The Daily Press is the city of Timmins broadsheet newspaper.

TIMMINS – Like the black flies of spring or the relentless nights of winter, leaders in Northern Ontario are making it clear to the government they’re not going anywhere soon.

Timmins Mayor Tom Laughren was among the five Northern Ontario Large Urban Mayors (NOLUM) who met with eight provincial Liberal ministers at the Association of Municipalities of Ontario meeting in late-August.

At that meeting, the five NOLUM leaders – representing Timmins, Sudbury, North Bay, Sault Ste. Marie and Thunder Bay – presented a document titled Linking Municipalities and the Growth Plan for Northern Ontario.

Laughren hailed it as “historic” in its depth, explaining it outlines six distinct focal points Northern Ontario representatives will be pressuring the government on over the coming years.

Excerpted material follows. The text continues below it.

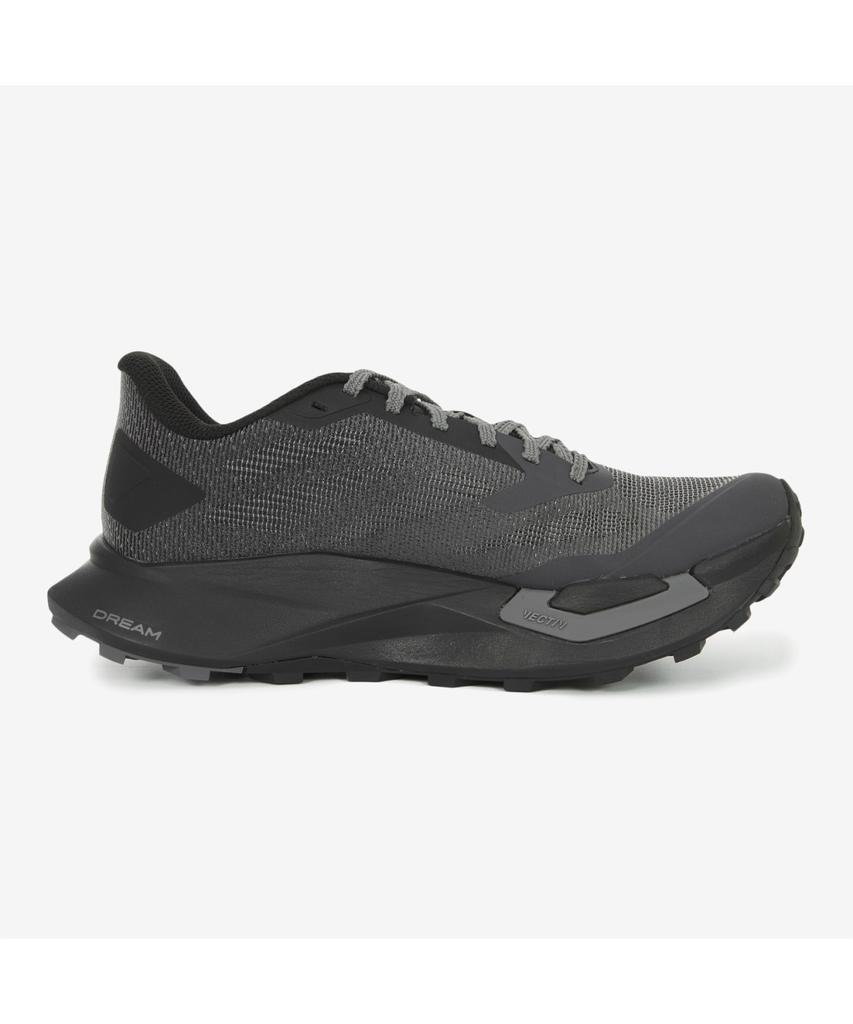 The North Face Ns97S03B Men'S Vective Enduris 4 Black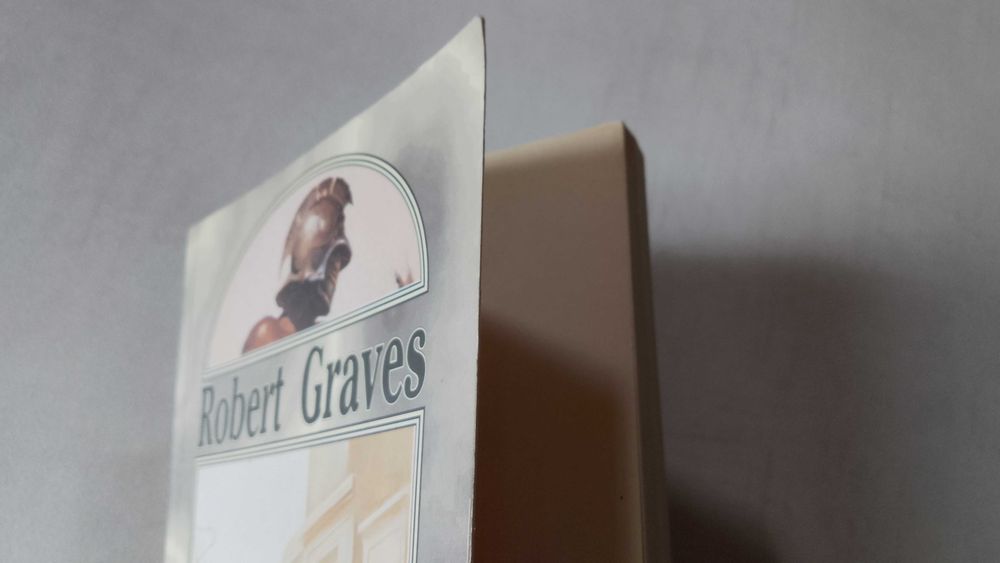 Robert Graves "Belizariusz" 1994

“Anything we put in here was related to the Growth Plan, and it’s our ideas to how the government can push the Growth Plan forward that we believe that provide a benefit not only to those five communities, but of all Northern Ontario,” said Laughren at Monday’s city council meeting.

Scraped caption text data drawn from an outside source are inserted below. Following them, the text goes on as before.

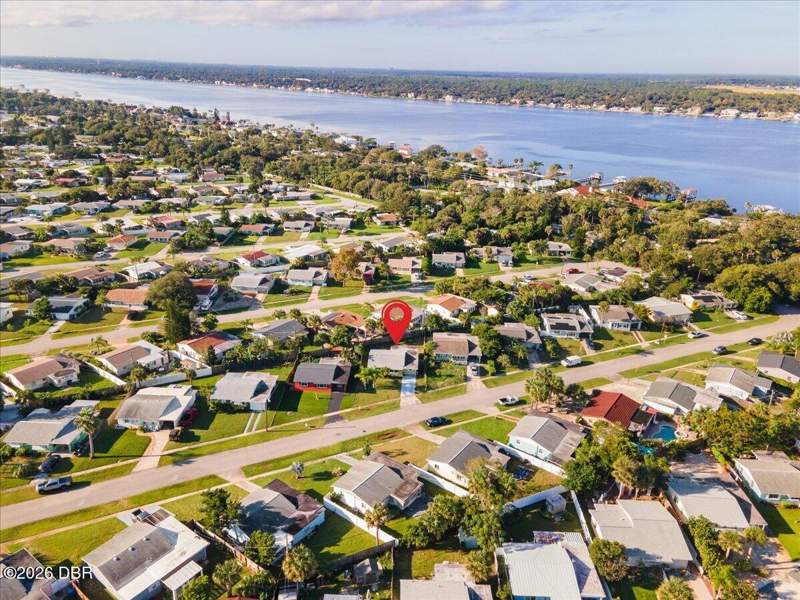 3 bedroom Single Family Residence at 46 Seaside Drive, Seaside Homes, Ormond Beach — photo 3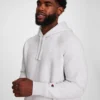 Sweat à capuche Powerblend, C Logo – Grandes tailles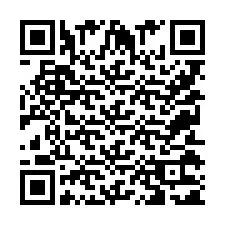 Código QR para número de telefone +9525031181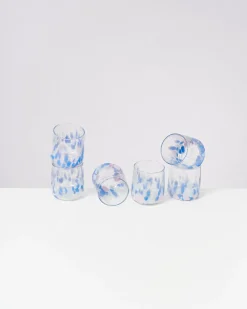 Motel a Miio Alegria Glas klein 6er-Set* Kleine Gläser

One of the key goals is to improve intergovernmental communication.

“There definitely is a need to build that relationship, and to have that relationship between municipalities, the provincial government – whoever that is – and the federal government is very important,” said Laughren

Other stated priorities for NOLUM are infrastructure, energy, workforce development, revenue sharing, and research and innovation.

Laughren cited the cancellation of the Ontario Northland passenger train service last September as an example of the lack of understanding and respect towards Northern Ontario.

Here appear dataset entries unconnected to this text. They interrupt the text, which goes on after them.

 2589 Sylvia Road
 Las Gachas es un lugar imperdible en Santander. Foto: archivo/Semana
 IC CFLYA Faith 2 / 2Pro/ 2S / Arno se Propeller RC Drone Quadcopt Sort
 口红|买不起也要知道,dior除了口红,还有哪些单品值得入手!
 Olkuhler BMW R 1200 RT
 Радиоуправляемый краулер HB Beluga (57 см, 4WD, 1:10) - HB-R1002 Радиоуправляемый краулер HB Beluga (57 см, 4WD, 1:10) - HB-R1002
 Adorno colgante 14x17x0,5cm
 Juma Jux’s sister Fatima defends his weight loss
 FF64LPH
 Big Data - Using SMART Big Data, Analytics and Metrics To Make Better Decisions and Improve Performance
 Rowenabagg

“We really believe they need to get on with those studies and get out and meet with councillors, with mayors, with citizens, because there’s no way you can compare transportation in Northern Ontario to Southern Ontario,” said Laughren.

The cost of ambulances, the unceremonious cancellation of the Connecting Link program to repair crumbling city highways, and multi-million dollar expenses to meet new wastewater regulations were identified as other municipal concerns that haven’t been addressed by the province.

Northern Ontario represents 85% of the province’s landmass, but only about 6% of its population. Still, Laughren said Northern Ontario is “the economic engine” of the busy streets of Toronto.